Sports in America is an idol to many and this is a fact we are fully aware of. We go to great lengths to keep athletics and sports in the proper perspective with our children. It is a great enjoyment for our children, it keeps us and them active in our community, and it is physically healthy. There are a variety of positive aspects to sports that get overstated; some of them true and some of them not so true. But, when approached with the appropriate Christian mind set, I believe sports can be a healthy beneficial part of a Christian agrarian home.

What say you fellow agrarians. (Don't be afraid to disagree, we are not easily offended.) Just be sure and give me a reason to satisfy my curiosity.

God bless
Mike

3 comments:

The Bradshaws said...

Mike,
It sounds as if you have carefully evaluated how organized sports are affecting your lives and are exercising discernment. You are to be commended for that and although I have come to a different conclusion, I am not trying to persuade anyone into agreeing with me.

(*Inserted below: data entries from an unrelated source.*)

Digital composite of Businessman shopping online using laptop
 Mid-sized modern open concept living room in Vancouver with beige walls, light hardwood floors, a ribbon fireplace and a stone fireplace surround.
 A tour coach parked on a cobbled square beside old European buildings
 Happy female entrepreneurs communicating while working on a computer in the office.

We have chosen to evaluate sports, and any other activity requiring daily, weekly, or periodic commitment in light of its overall affect on the family and the children. We are far from being escapists, but are rather trying to be intentional in our activities.

We have found that participation in sports, church youth groups, community dancing and parachurch activities that tend to split the family - player vs. observer, youth vs. adult, fathers and sons vs. mothers and daughters, etc. - ultimately result in the children's hearts being focused outside the family instead of toward the family. There are also secondary issues that we almost always find in those settings such as immodesty, bad attitudes, and a strong tendency toward gossip and slanderous conversations.

We do still participate fully in a family integrated church, in special occasion activities, family events and celebrations, and occasional pick-up soccer and football games.

For us, this approach has led to less stress on the family, a greater longing to be together as a family for all activities and greater satisfaction in those activities.

As you well know, there are always plenty of chores and tasks to be addressed when you live on a farm. We experience greater satisfication and joy while accomplishing those tasks with every member of the family actively contributing than we ever have with outside organized activities.

I hope this helps your understanding just a little bit.

Blessings to you and yours,
Keith

TnFullQuiver said...

Keith,
I appreciate the comments and will consider these fully. It is so beneficial for me to not exclude the thoughts and wisdom of other Christians, especially when they challenge my own belief.
Mike

Chicken Mama said...

This is a very difficult topic to weigh out. Thus far, with our oldest being only 7, it hasn't been something we've had to wrestle with often yet.

Our reasons to this point have been much in sync with the Bradshaws. We've been appalled at some of the behavior of both kids and grown-ups at some events we've attended. We also know many families who are run ragged by the number of practices and games they are shuttling kids around to. It's great that your whole family truly enjoys the games as "family time," but most folks we know are dropping off one kid here, sitting through a practice with another there, only to rush back to pick up the first one, then have to swing through a drive-thru, shoe-horn in homework, and on and on. The toll on most families we've seen gives us pause.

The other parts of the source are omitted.